Der Mann, den es niemals gab

Der britische Filmemacher Ronald Neame wurde für seine Special Effects für „One of Our Aircraft Is Missing“ (1943) und als Drehbuchautor für seine Arbeiten an den beiden David-Lean-Filmen „Begegnung“ (1945) und „Die großen Erwartungen“ (1946) jeweils mit einem Oscar nominiert, bevor er 1947 ins Regiefach wechselte. Nach „Das rettende Lied“, „Der goldene Salamander“, „Der Unwiderstehliche“ und „Sein größter Bluff“ präsentierte er mit seinem fünften Film „Der Mann, den es nie gab“ 1956 ein Kriegs-Drama nach dem auf Tatsachen beruhenden, gleichnamigen Roman von Ewen Montagu aus dem Jahre 1954. 

Inhalt: 

Im Kriegsjahr 1943 wollen die Alliierten möglichst von der deutschen Wehrmacht unbedrängt im italienischen Mittelmeerraum landen. Lieutenant Commander Ewen Montagu (Clifton Webb) und sein Lieutenant George Acres (Robert Flemyng) vom britischen Geheimdienst tüfteln einen Plan aus, der die Deutschen glauben lässt, dass nicht Sizilien, sondern Griechenland das Ziel der Alliierten sei, so dass die Nazis einige auf Sizilien gebündelten Kräfte abziehen. Als ein schottischer Pilot mit seinem Flugzeug abstürzt, erhalten die britischen Offiziere vom Vater des Verstorbenen die Erlaubnis, den Leichnam für ihr Täuschungsmanöver zu verwenden. Dazu wird die Leiche mit dem Namen Major William Martin von den Marines versehen und mit allerlei gefälschten privaten und offiziellen Papieren präpariert. Montagus Sekretärin Pam (Josephine Griffin) wird damit beauftragt, einen authentisch wirkenden Liebesbrief zu schreiben, den der Tote bei sich tragen soll. Stattdessen diktiert ihre Mitbewohnerin Lucy (Gloria Grahame) ihr den Brief, da sie ihren Geliebten gerade verabschiedet hat und deshalb aus eigener Erfahrung weiß, wie sich ein Trennungsschmerz anfühlt. Schließlich wird die durch eine Kette am Toten befestigte Aktentasche mit fingierten Briefen gefüllt, in der ranghohe Offiziere andeuten, dass die Alliierten Sardinien und Griechenland angreifen würden.

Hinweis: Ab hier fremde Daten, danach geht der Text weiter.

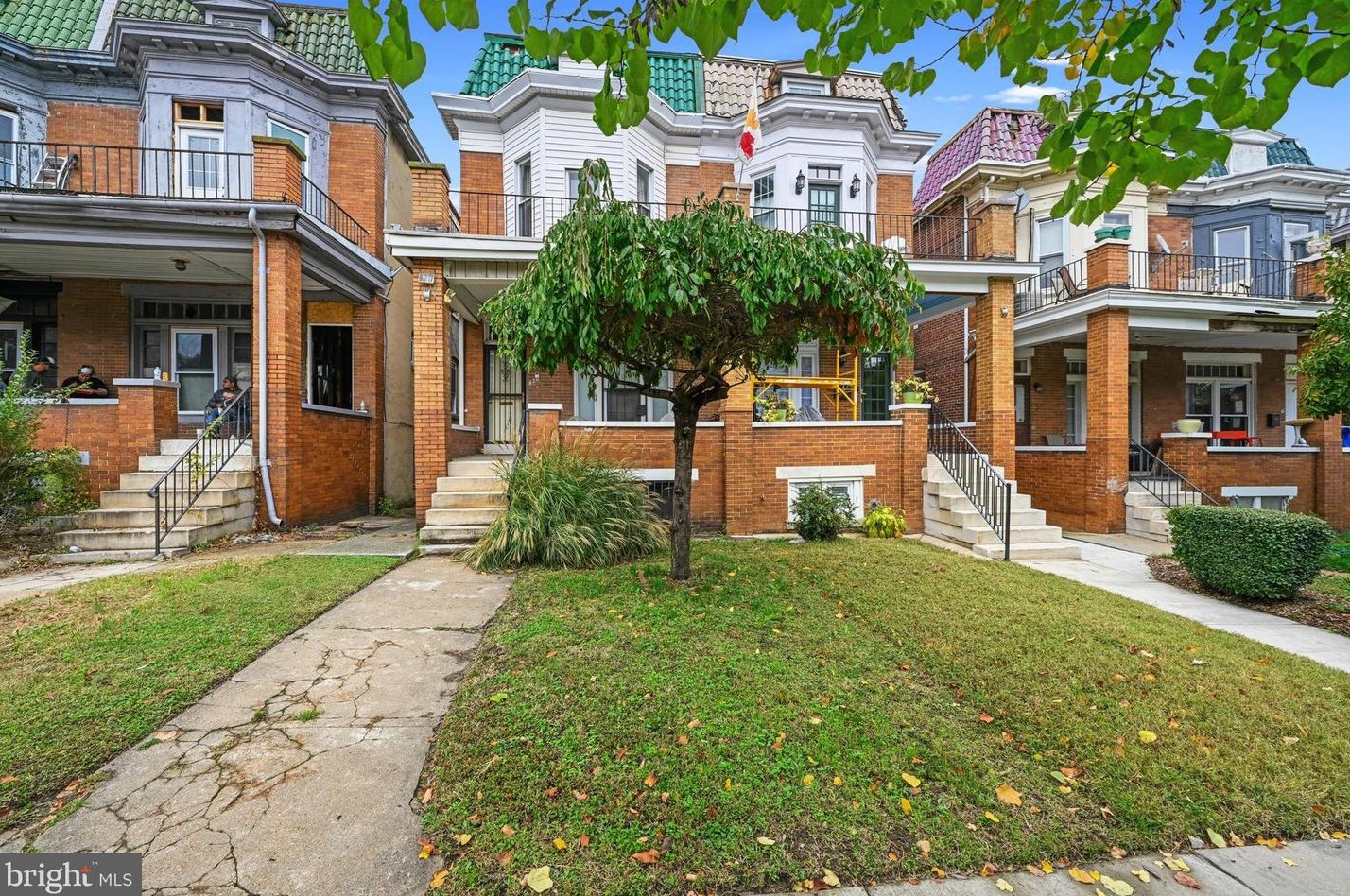 830 Brooks Ln, Baltimore, MD 21217-4649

Die Leiche wird in einen mit Trockeneis gefüllten Kanister in einem U-Boot bis nach Spanien gebracht, wo sie an den Strand gespült wird. 
Die „Operation Pfefferminz“ scheint aufzugehen: Die mit den Deutschen sympathisieren Spanier übergeben die gefundenen Unterlagen an einen Agenten der Abwehr, der wiederum das Oberkommando der Wehrmacht informiert. Patrick O’Reilly (Stephen Boyd) soll nun herausfinden, ob der Hintergrund des aufgefundenen Soldaten den Fakten entspricht, und sucht Lucy auf … 

Kritik: 

Nigel Balchin („23 Schritte zum Abgrund“, „Der blaue Engel“) hat in seiner Drehbuchfassung des Romans das Täuschungsmanöver des britischen Geheimdienstes sehr akribisch nachgezeichnet, so dass Regisseur Neame den Zuschauer an jedem der geplanten und ausgeführten Schritte teilhaben lässt. Spannung kommt dabei lange Zeit nicht auf, aber der Film macht in seinem detaillierten Storytelling deutlich, mit wieviel Aufwand so ein Manöver verbunden gewesen sein muss. Jeder kleinste Fehler hätte schließlich zu einem Scheitern der Mission führen können und etlichen alliierten Soldaten das Leben gekostet. 
Sobald die Leiche am spanischen Strand landet, ist es faszinierend zu beobachten, wie die durch und durch fingierte Geschichte des Mannes überprüft wird, wobei die Operation in eine äußerst brenzlige Phase kommt, als nicht nur verfolgt werden muss, wie wasserdicht sich die konstruierte Geschichte erweist, sondern auch wie mit dem nachforschenden Agenten umgegangen werden soll. Neame hat dieses Szenario ganz unaufgeregt und unspektakulär umgesetzt. Hier steht eindeutig die Geschichte im Vordergrund, die von den teilweise recht prominenten Darstellern wie Clifton Webb („Laura“, „Auf Messers Schneide“), Robert Flemyng („Ein süßer Fratz“, „Geheimauftrag für John Drake“), Gloria Grahame („Ein einsamer Ort“, „Heißes Eisen“), Stephen Boyd („Ben Hur“, „ …denn keiner ist ohne Schuld“), Laurence Naismith („James Bond 007 – Diamantenfieber“, „Das Dorf der Verdammten“) und André Morell („Ben Hur“, „Die Brücke am Kwai“) souverän getragen wird.